U.S. District Judge James Donato in San Francisco agreed with the American Federation of Government Employees and other unions that Trump’s March 27 executive order exempting many federal agencies from obligations to bargain with unions was likely illegal.

Eliminating collective bargaining would allow agencies to alter working conditions and fire or discipline workers more easily, and it could prevent unions from challenging Trump administration initiatives in court.

Donato issued a preliminary injunction that blocks 21 agencies from implementing Trump’s order pending the outcome of a trial in the lawsuit by the six unions, who he said “appear to have been deemed hostile to the president.”

The judge, an appointee of Democratic President Barack Obama, said the unions had established they were likely to prove Trump’s executive order had a chilling effect on their right to free speech under the U.S. Constitution’s First Amendment.

He said the White House had in a fact sheet published with the order “expressed a clear point of view that is hostile to federal labor unions and their First Amendment activities,” citing their opposition to Trump’s agenda.

“All of this is solid evidence of a tie between the exercise of First Amendment rights and a government sanction,” Donato wrote.

His ruling followed a decision by a different judge in Washington, D.C., in April that blocked Trump’s order from being implemented at seven agencies including the departments of Justice, Treasury, and Health and Human Services.

A federal appeals court on May 16 paused that ruling while it considers the Trump administration’s appeal. Donato’s ruling applies to those seven agencies and the departments of Veterans Affairs, Agriculture, State and Labor, among others.

The White House did not immediately respond to a request for comment. Nor did lawyers for the unions.

Trump’s executive order exempted agencies that he said “have as a primary function intelligence, counterintelligence, investigative, or national security work,” from collective bargaining obligations, significantly expanding an existing exception for workers with duties implicating national security, such as certain employees of the CIA and FBI.

The lawsuits challenging the executive order say it was meant to punish federal worker unions that have sued over Trump’s other efforts to overhaul the government, including the mass firings and layoffs of agency employees.
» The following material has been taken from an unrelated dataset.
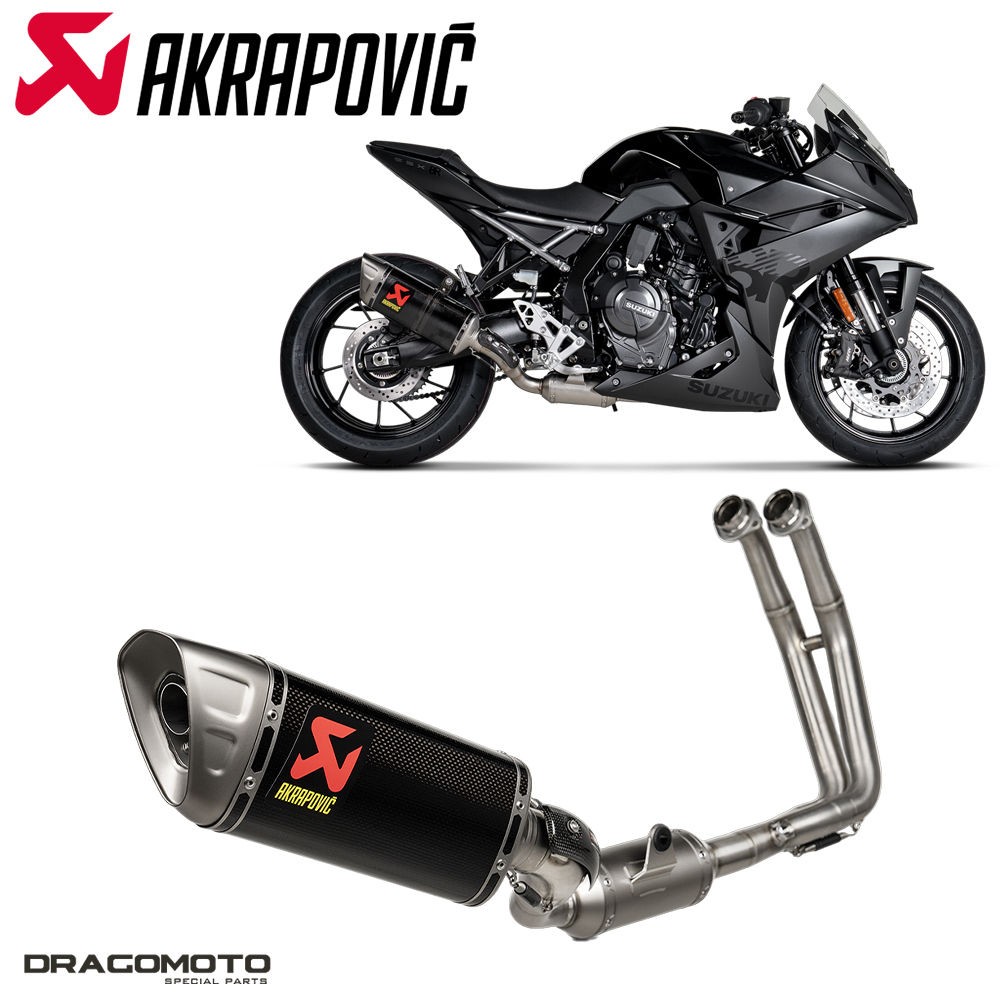 Full exhaust SUZUKI GSX-8S 800 ABS 2025 AKRAPOVIC Carbon RC S-S8R2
Unions also argue that the vast majority of workers covered by the order do not perform national security or intelligence work.

Donato noted Trump applied the national security label “to an unprecedented swath of federal agencies, including whole cabinet departments for the first time in history.”

In separate litigation, the Trump administration filed a pair of lawsuits against AFGE and another union seeking to invalidate existing bargaining agreements in light of Trump’s order shortly after he issued it.

A judge in Kentucky on May 20 said the Treasury Department lacked standing to sue over a union contract covering thousands of Internal Revenue Service employees and dismissed the agency’s lawsuit. A separate case that eight agencies filed against AFGE is pending in Texas federal court.